/---

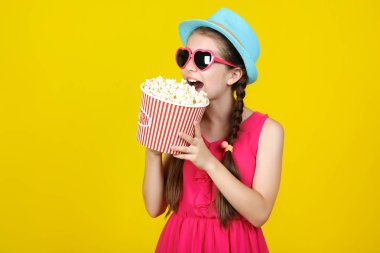 Güneş gözlüğü ve şapka yel patlamış mısır yiyen güzel genç kız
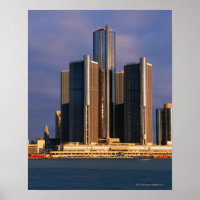 Arranha-céus pela água em Detroit 3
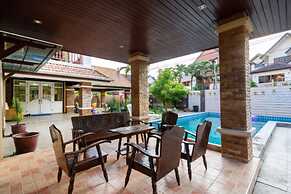 Angel Pool Villa Phuket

\---

§ **Exercise**:
None of the pictures belong in the copy; transcribe the rest of the data exactly.

§ **Solution for this exercise**:
 Güneş gözlüğü ve şapka yel patlamış mısır yiyen güzel genç kız
 Arranha-céus pela água em Detroit 3
 Angel Pool Villa Phuket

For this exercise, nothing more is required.